Тот факт, что выводы из описаний бессмертия, подобных проанализированным мною в предыдущем разделе, должны неизбежно вести к воспроизведению земной жизни столь же полному, как то, которое мы имеем у традиционного христианства и спиритизма, не очень приятен для доктора. Фосдика, доктора Брауна и церковников, придерживающихся сходных взглядов. Разоблачение того факта, что в их собственных описаниях потустороннего мира внутренне скрыты многие из древних теологических натяжек, ставит их в затруднительное положение. Если они пытаются добиться большей утонченности своих представлений о будущей жизни, они доходят до того, что совершенно освобождают эти представления о будущей жизни от всякой связи с существованием. Как бы то ни было, даваемое ими изображение бессмертной личности и ее окружения столь лишено субстанциальности и краски его настолько бледны, что оно не обладает притягательной силой для народных масс. С другой стороны, у этих модернистов не настолько отсутствует образование или чувство юмора, чтобы они могли вернуться к представлениям ортодоксального христианства и спиритизма. Для них принять воскресение фактически всего материального мира интеллектуально не более возможно, чем принять воскресение человеческого материального тела.
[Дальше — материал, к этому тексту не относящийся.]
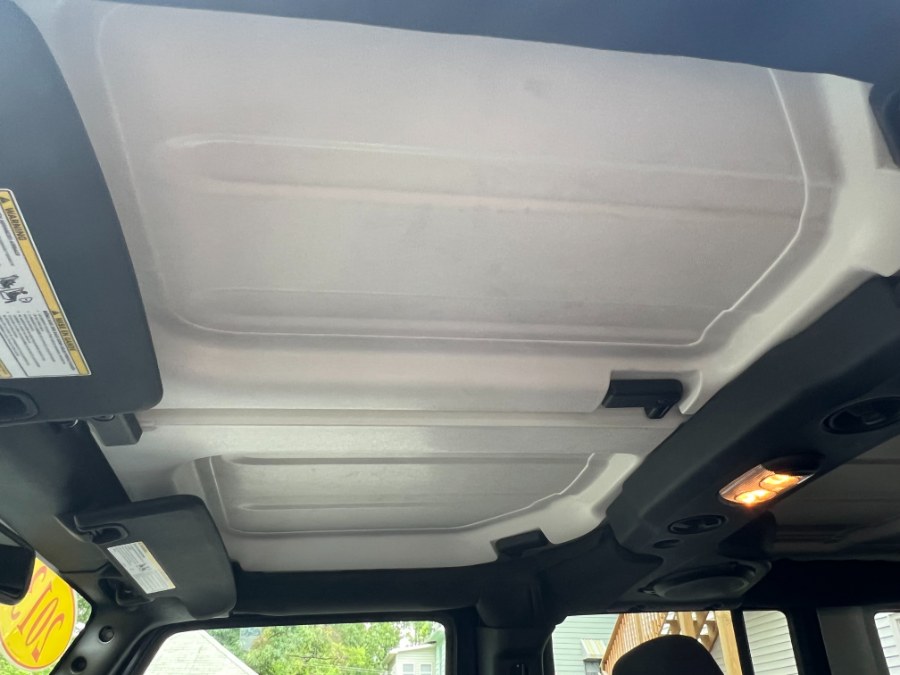 2013 Jeep Wrangler Unlimited 4WD 4dr Sport, available for sale in Bristol, Connecticut | Bristol Auto Center LLC. Bristol, Connecticut 2013 Jeep Wrangler Unlimited 4WD 4dr Sport, available for sale in Bristol, Connecticut | Bristol Auto Center LLC. Bristol, Connecticut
Однако эти модернисты в религии могли бы сделать один, хотя и очень решительный, шаг. Они могли бы добросовестно следовать по пути, по которому их ведет логика сложившейся ситуации, и совершенно отказаться от представления о потусторонней жизни. Ибо я утверждаю, что тщательный анализ проблемы, связанной с соответствующей средой будущей жизни, соединенный с анализом предлагаемых потусторонних тел и достижений монистической психологии, делает сегодня веру в бессмертие интеллектуальным анахронизмом.